PIERFAUSTO VEDANI - 11/01/2019

volontariHo partecipato a Milano al raduno natalizio e di Capodanno del mio numeroso clan familiare, da tre generazioni perfettamente calato nella operosa realtà meneghina. Un clan che ha il capostipite in Pietro Vedani, ottavo di dodici fratelli, nati tutti nella “Curt di ruman” di Bosto.

Pietro, mio nonno, aveva visto la luce nel gennaio del 1859 e qualche mese dopo, fuggendo sua madre verso il lago perché a Varese austriaci e garibaldini tenevano un gran concerto di cannoni e fucili, era scivolato dalla borsa, in cui era stato sistemato, “atterrando” poi in un vastissimo prato. Fu ritrovato il Pedrin dopo una ricerca lunga e affannosa: dormiva tranquillamente.

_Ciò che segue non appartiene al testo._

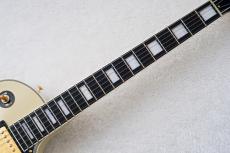 Tokai LC-101S-CM2 -Antique White- #2652374【カスタムカラー】【4.53kg】【限定生産】_8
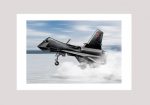 Firefox Mig 31 Landing
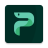 icon Python Master 3.9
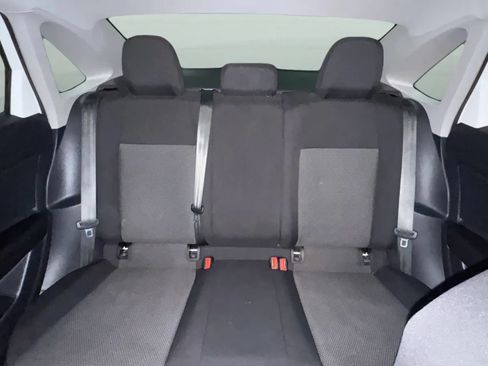 Used 2021 Volkswagen Jetta S FWD image 18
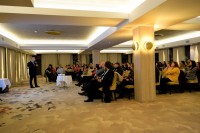 Psihoterapeut de cuplu si familie, Lect. Univ. Dr. Habil. Marius Marici Psihoterapeut de cuplu si familie, Lect. Univ. Dr. Habil. Marius Marici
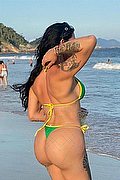 Bari Transex Rebecca Ranally 351 3919866 foto 8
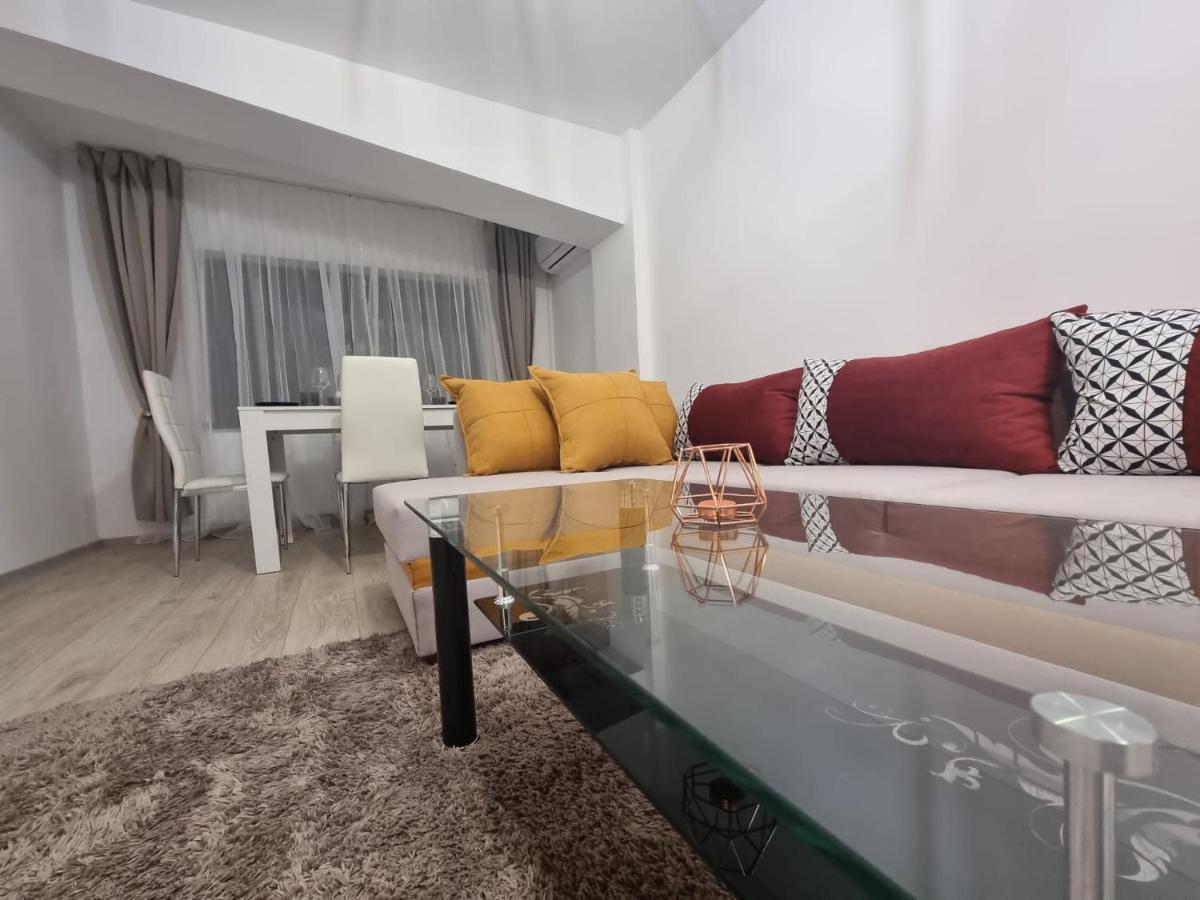 Dreams Escape 2 Craiova Exterior foto
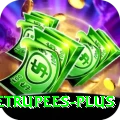 Betrupees Cash Max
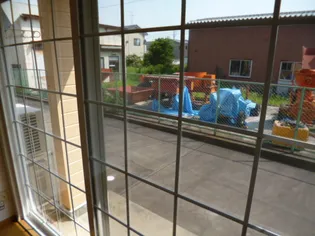 メゾンMS・B【1階】のその他画像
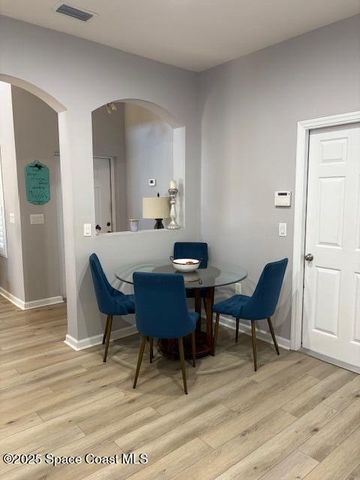 3471 Titanic Circle 19, Melbourne, FL 32903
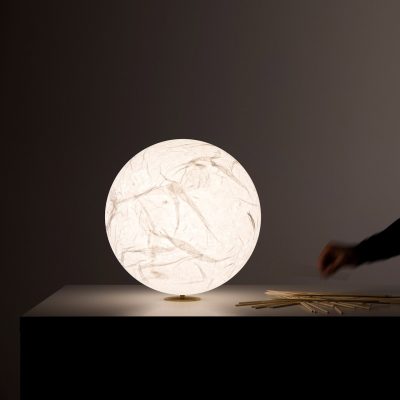 MOON_T_05-1-1.jpg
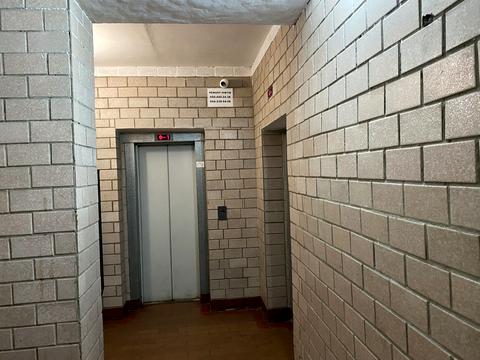 квартира по адресу Августина Волошина ул. (Ярослава Галана), 2-А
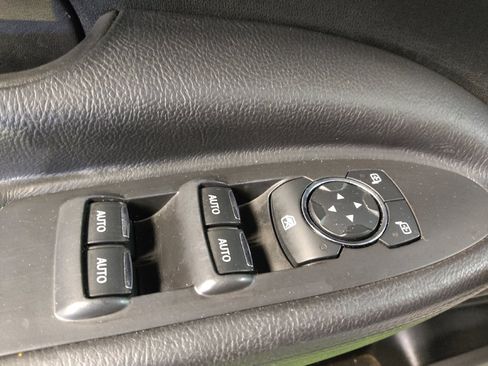 Used 2018 Lincoln MKT AWD w/ Technology Package image 27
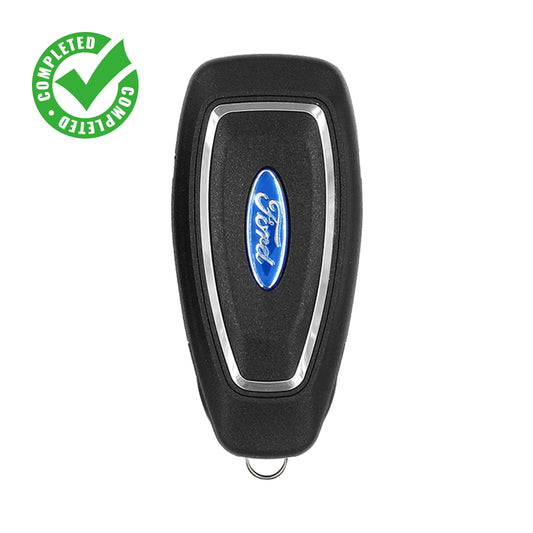 2011 - 2019 Ford Smart Key 3-Button - FCC# KR55WK48801 - 434 MHz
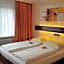 Akzent Hotel Oberhausen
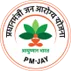 PMJAY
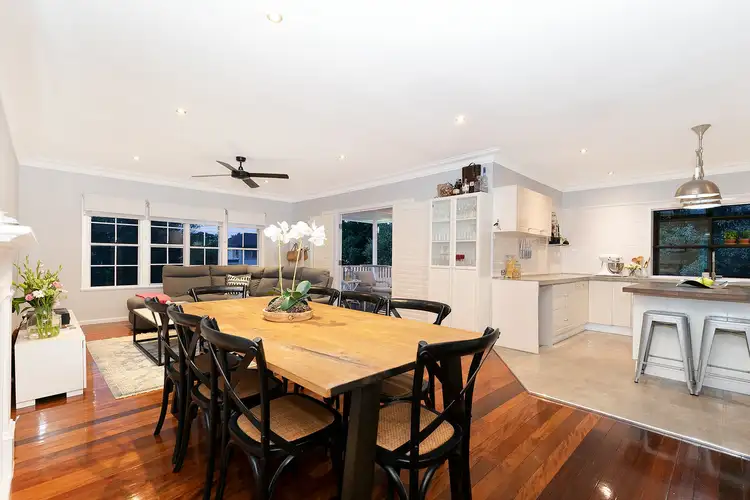 Sixth view of Homely house listing, 14 Blenheim Street, Chermside West QLD 4032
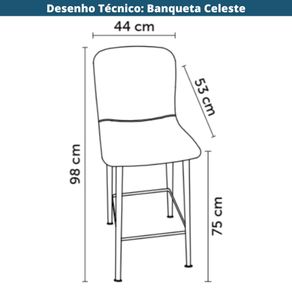 11-Kit-2-Banquetas-Altas-Celeste-Rivatti-98cm--Altura--Em-Poliuretano-Marrom-e-Base-em-Aco-Pintada-a-Po-Desenho-Tecnico.jpg
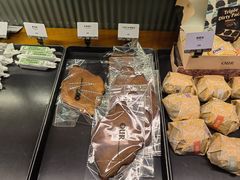 -OUR Bakery(三里屯太古里店)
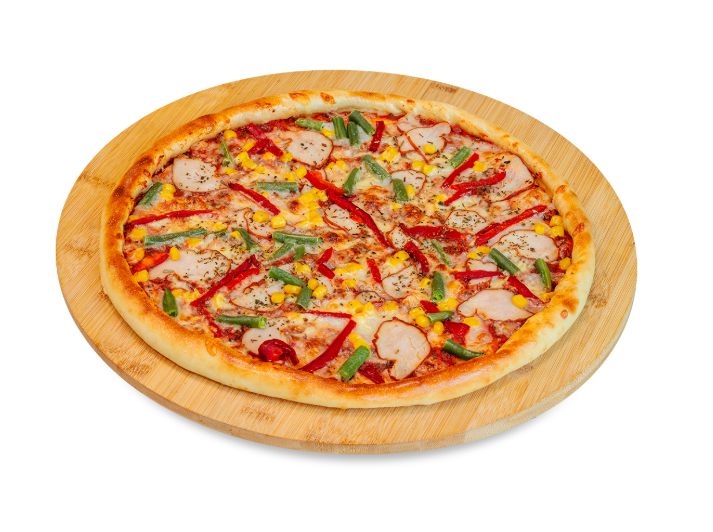 Каприз 25 см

La mia professione e 55 anni di residenza hanno fatto del tempo precedente il mio approdo a Varese solo un bel ricordo mentre i giorni nostri – di certo più sereni rispetto a quelli di molte altre comunità nazionali – mi inducono a incitare la città e coloro che hanno responsabilità istituzionali ad azioni sempre più mirate e intense per recuperare il nostro passato prossimo, fatto di grande dignità e successi.

Proprio dal raduno della mia grande famiglia sono arrivati segnali esterni incoraggianti. In particolare ho saputo che giovani e affermati professionisti milanesi, stanchi dell’inconcludente “melina” di una classe politica che vede smarriti o confusi i protagonisti di ieri e nuovi lattonzoli in difficoltà con un presente e un futuro di tempeste, sembrano decisi a muoversi, a contribuire a una svolta politica sensata, destinata alla comunità e non alle botteghe di partito. Al momento preferiscono definirsi volontari della politica, ma sono determinati e soprattutto preparati al contatto con gli spigoli e le trappole delle presunte novità politiche che non sono altro che abiti vecchi, “rivoltati” come si faceva ai tempi delle ristrettezze imposte dalla guerra.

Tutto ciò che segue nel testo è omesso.